Monday, August 1, 2011

Bad Date

So last night I went out with a girl whose number I had gotten at a party while drunken whose face I didn't remember. Now I hate counting numbers but I am currently at 49 and I sort of want the fiftieth girl to be special. I mean when I marry a girl someday I would like to say I married you and you were my fiftieth and I knew the fiftieth would be special rather than you were the 71st or something. Not that I want to marry the fiftieth!! I plan to be in the game much longer than that. Anyway, I went out with her and she was cute but not dime status, cool but not intriguing, and had swag turned only halfway on.

Anyway in the middle of the date I made up an excuse and stood her up. Fiery=douchebag. Going home I felt really happy: something about maintaining my self respect and sort of saving myself made me feel really high value and I sort of guess it was. I wasn't another AFC just tryna smash, I was serious about who I was planning to hook up with. I was the prize. Anyway I'll keep the forum posted on the fiftieth girl (chances are it will be a rando that i meet drunk :-/). Just wanted to post this...not my most insightful post!

Sunday, July 31, 2011

Drive

Quick post on drive:
I was recently talking to my friend about where drive comes from. We were discussing why we got into the game, why we got into shape, why we are so competitive.

We realized that these qualities came from past shit we dealt with; for me a rough relationship, and the feeling of worthlessness that came because i was a late bloomer to pickup.

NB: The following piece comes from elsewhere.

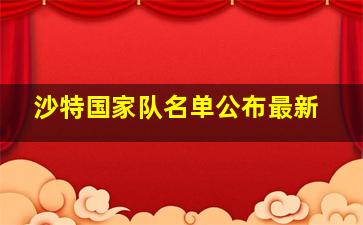 沙特国家队名单公布最新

For him a fucked up family life. We became tough and through these pains and became serious about being the best at whatever we did.

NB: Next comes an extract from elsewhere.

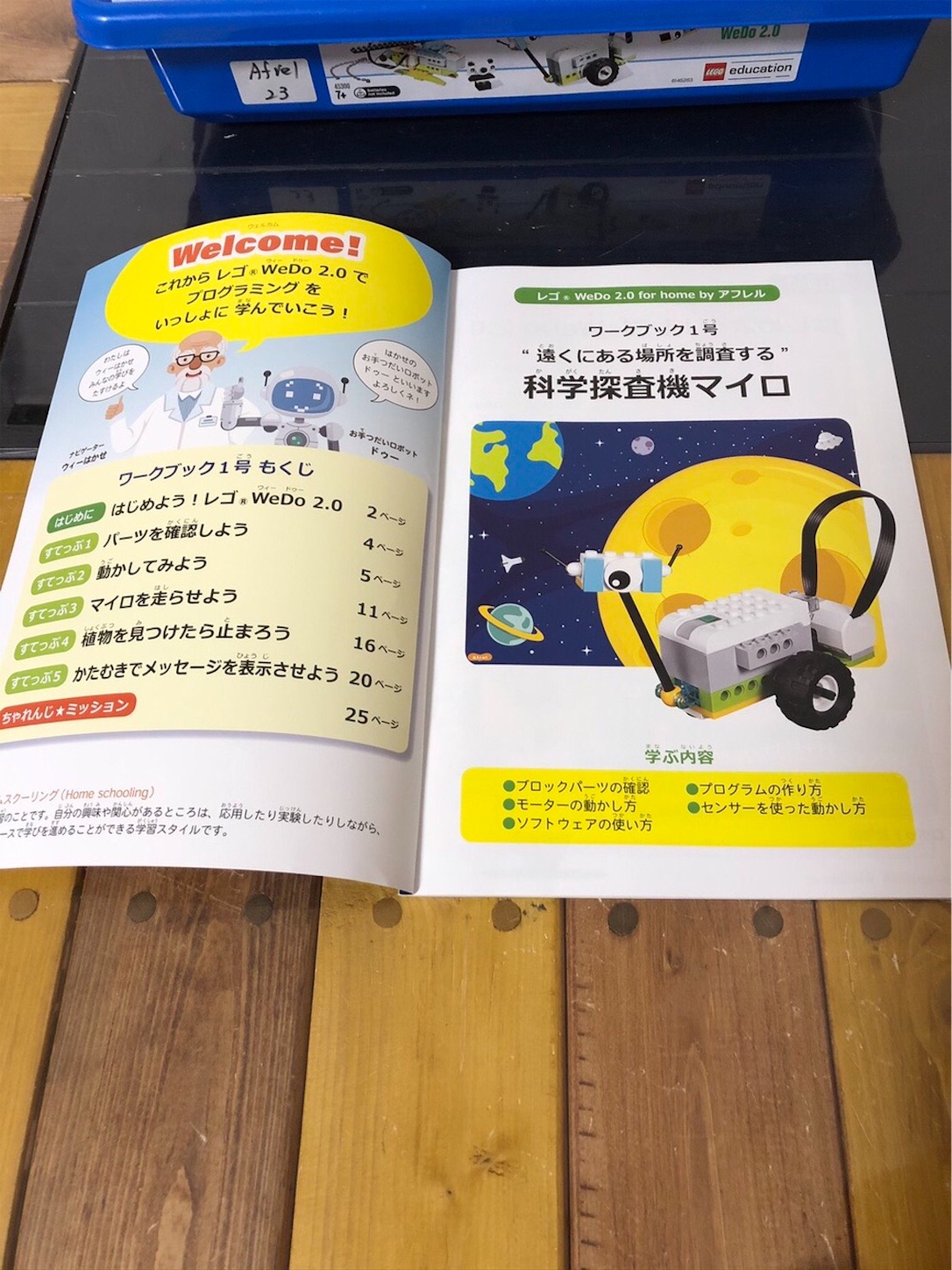 f:id:mikkorokoro:20200428235449j:image f:id:mikkorokoro:20200428235449j:image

Now I am not saying you need to be fucked up to be good at pickup. What I am saying is if you're depressed because you get no girls, if you just broke up with the girl you loved, if you're family is going through tough times, the cloud has a silver lining: these events might be what push you over the edge and make you great at pickup. Just dont go overboard and get depressed, manorexic, whatever... I don't know it just bothers me when people are like 'im bad at pickup because i had a bad father figure' because 'i went to a really strict high school' because 'im just shy'. Get angry! that shit is not your fault, but how you deal with it is your choice. You can wallow or you can get up and do something.
Stay fiery
Get laid, get paid.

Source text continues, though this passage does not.